(ASSIGNMENT):
With the pictures set aside, write out all of the data exactly as it stands.
*** Block opens ***
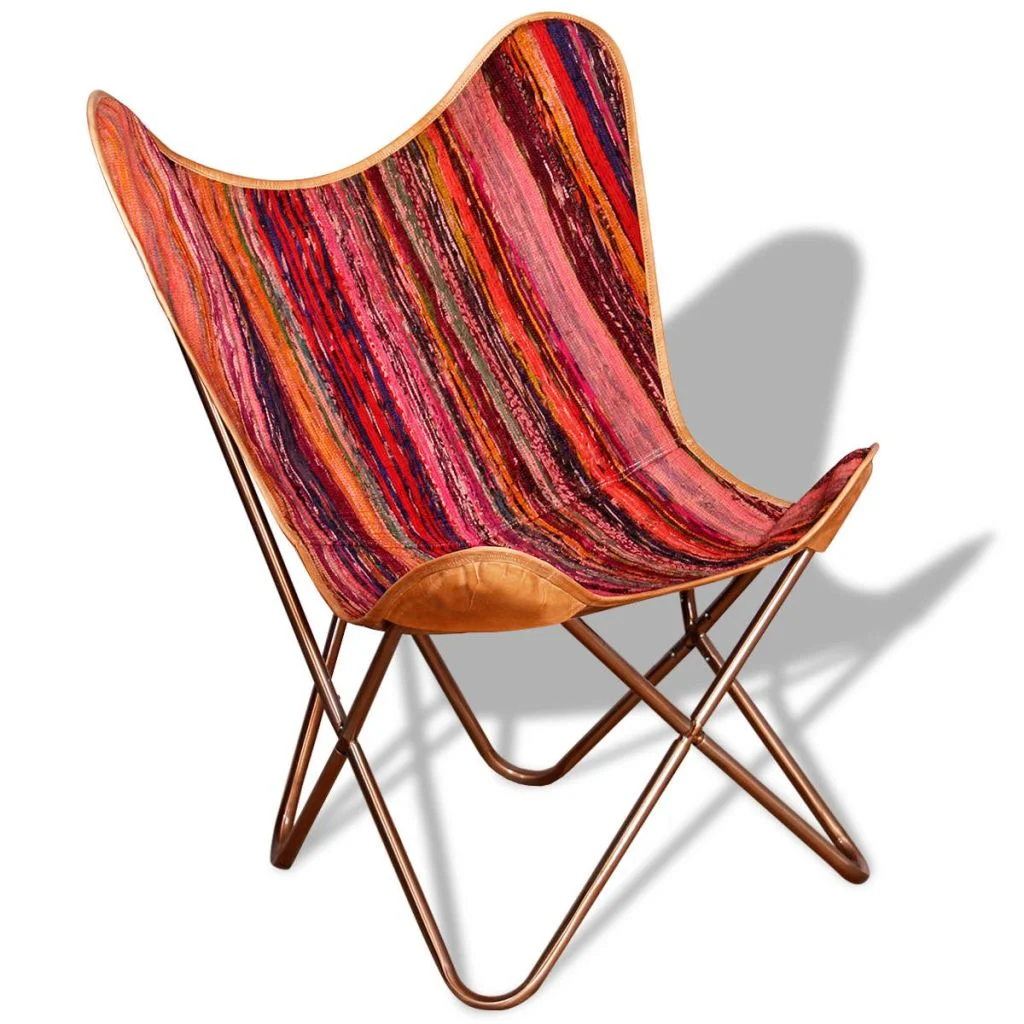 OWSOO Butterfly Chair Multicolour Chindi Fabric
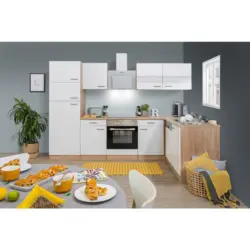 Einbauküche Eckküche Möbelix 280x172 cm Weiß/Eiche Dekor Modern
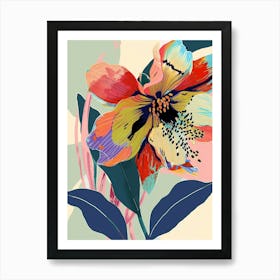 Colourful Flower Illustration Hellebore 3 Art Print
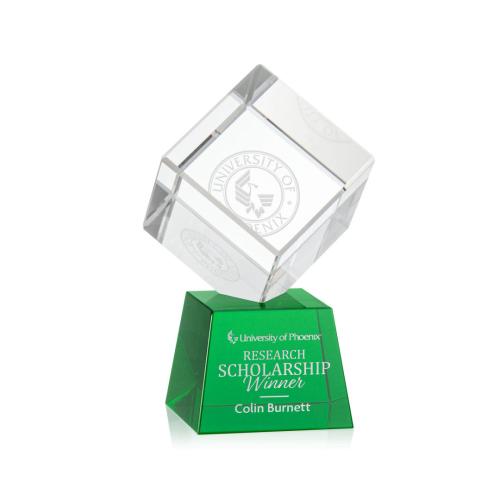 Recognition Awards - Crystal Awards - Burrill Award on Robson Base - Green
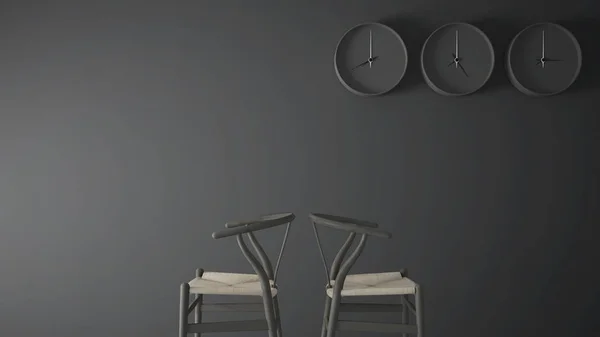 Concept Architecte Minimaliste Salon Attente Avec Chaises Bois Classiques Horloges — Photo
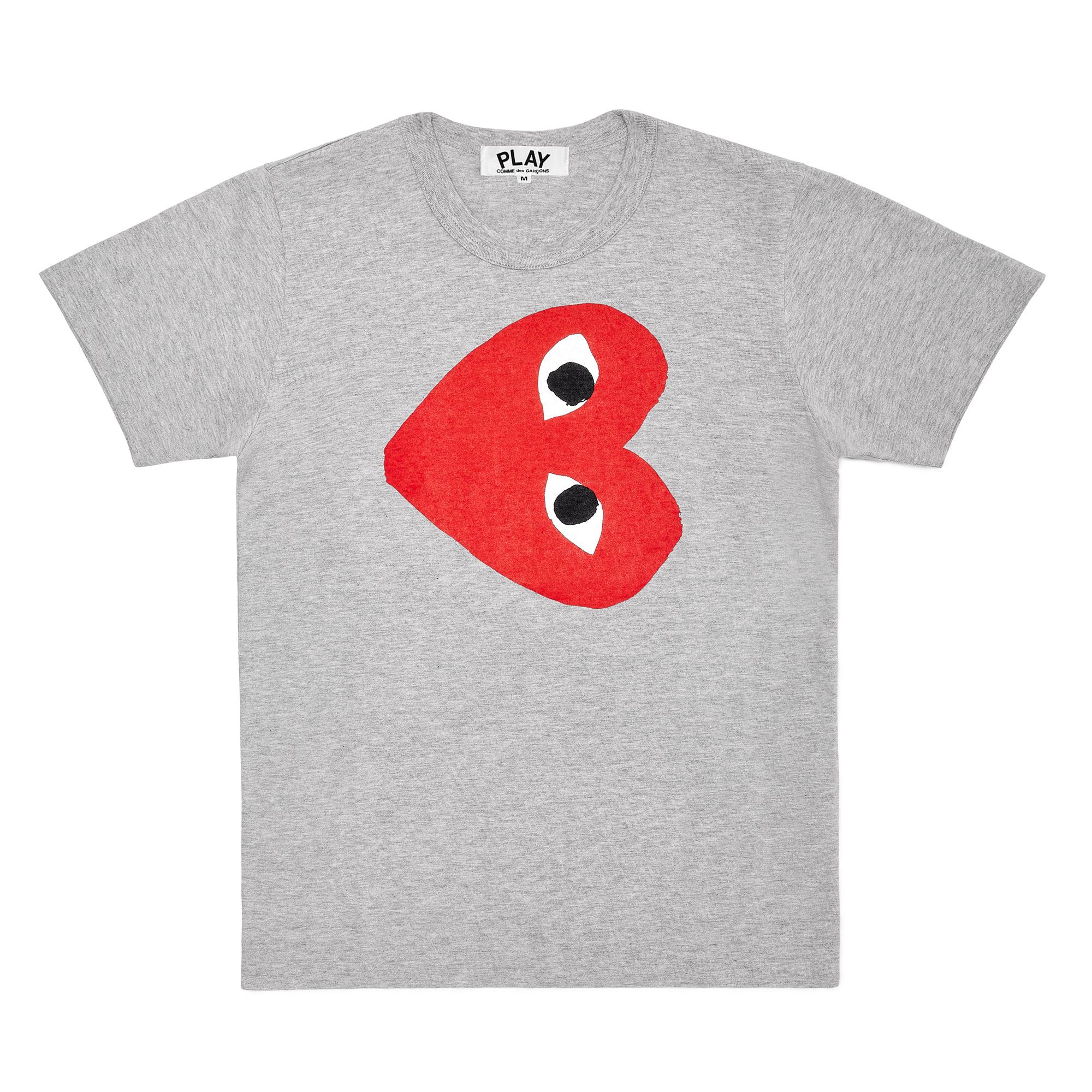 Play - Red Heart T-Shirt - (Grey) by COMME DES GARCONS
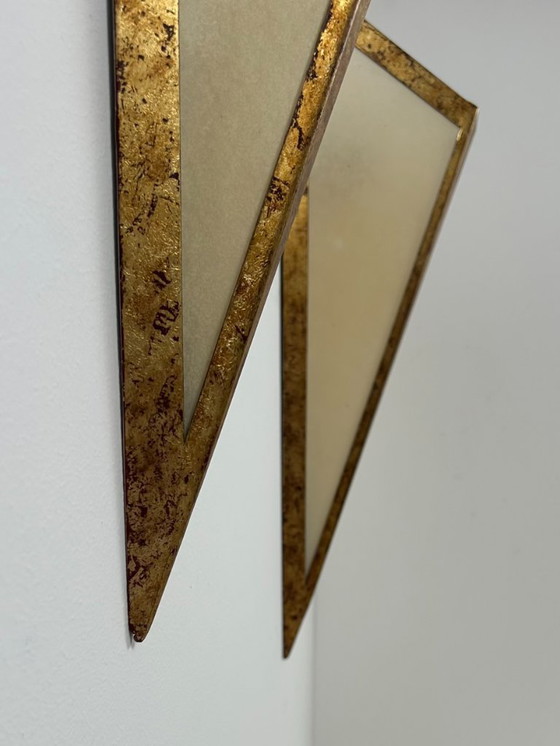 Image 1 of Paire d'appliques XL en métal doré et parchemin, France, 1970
*** Block closes ***
(WORKED SOLUTION):
 OWSOO Butterfly Chair Multicolour Chindi Fabric
 Einbauküche Eckküche Möbelix 280x172 cm Weiß/Eiche Dekor Modern
 Colourful Flower Illustration Hellebore 3 Art Print
 Recognition Awards - Crystal Awards - Burrill Award on Robson Base - Green
 Concept Architecte Minimaliste Salon Attente Avec Chaises Bois Classiques Horloges — Photo
 Play - Red Heart T-Shirt - (Grey) by COMME DES GARCONS
 Image 1 of Paire d'appliques XL en métal doré et parchemin, France, 1970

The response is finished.